Now that we are finally properly provisioned, we headed in to the park. And guess what met us there: a tree that had just fallen across the road during a wind storm (it had also been snowing at one point during the drive down).

We did some hiking, and some not-hiking, and here are the photos:

So, yeah, a pretty good time in the woods.

Tuesday, March 11, 2014

Bid Season is Now Open

After what feels like months of hearing "the future assignments memo is in routing for clearance," it finally showed up in my inbox. However, as far as I can tell, the Foreign Service Construction Engineer assignment process is significantly different from other Foreign Service assignments because we're not filling a position that's being vacated by someone heading to their next post. Rather, we create a position for the duration of the project and it goes away when the project ends. Imagine penguins hopping onto an iceberg while knocking off penguins that are already on the iceberg into the ocean. It's kinda like that, but the metaphor needs work.

First step: Analysis. Because there are only so many projects to choose from, the choices are limited to start with. Now filter by appropriate positions/grade, compatible schedules (some are short notice moves), and desired scope (new construction vs renovation). What I'm left with is a stratified list with about 3 projects in the top tier, 6 in the middle tier, and 4 bottom tier options. But there are also a few other projects in the mix that I stand little chance of getting because they are above my grade. 
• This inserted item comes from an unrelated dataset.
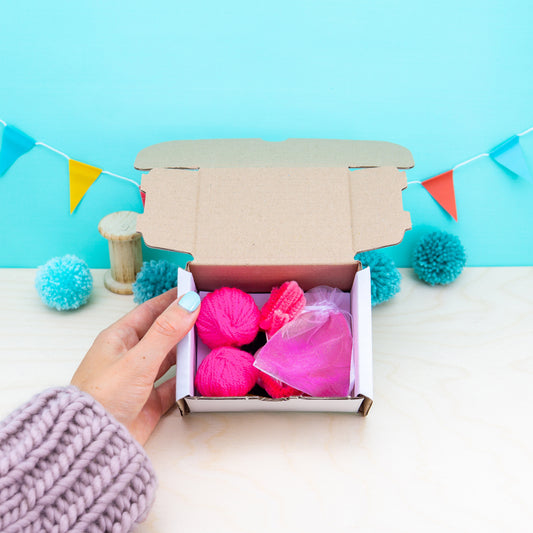 Hand holding a box of pink yarn against a blue background with decorative flags.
Second step: Research and Development. I've started the research by downloading post information, specifically to cull out projects that don't meet our requirements for schools and pets. Pets are actually a pretty big deal in the Foreign Service, judging by the American Foreign Service Association website page dedicated to pets. Then there are considerations like hazard/hardship pay, R&R trips, and benefits like that. There are also the intangibles, like how well the project has been managed through the design phase, up to the point it's handed over. Would you willing jump onto a train wreck in progress? Maybe to get away from something worse, I suppose.

Last step: Bidding. This is my first time through, so I really don't have any experience in this area. But what it sounds like to me is that I send in my rank-ordered preferences to the upper management who sit around a big table and try to figure out the best matches for people to projects without pissing off too many people or setting a project up for failure by assigning someone who doesn't have the right skill set for that particular project. I imagine it's kinda like that scene from Moneyball where all the scouts are discussing the players.

Anyways, I've got about 10 days to produce a list to submit, and even then, it's entirely possible that my preferences are disregarded as policy dictates that my first two assignments are considered to be "directed" assignments. So I go where the needs of the service dictate. Fortunately, policy also dictates that it also means that I'd have to volunteer for an Afghanistan/Iraq/Pakistan assignment...which isn't going to happen in the foreseeable future. The real question is how long until I find out where I'm going so I can start preparing for it.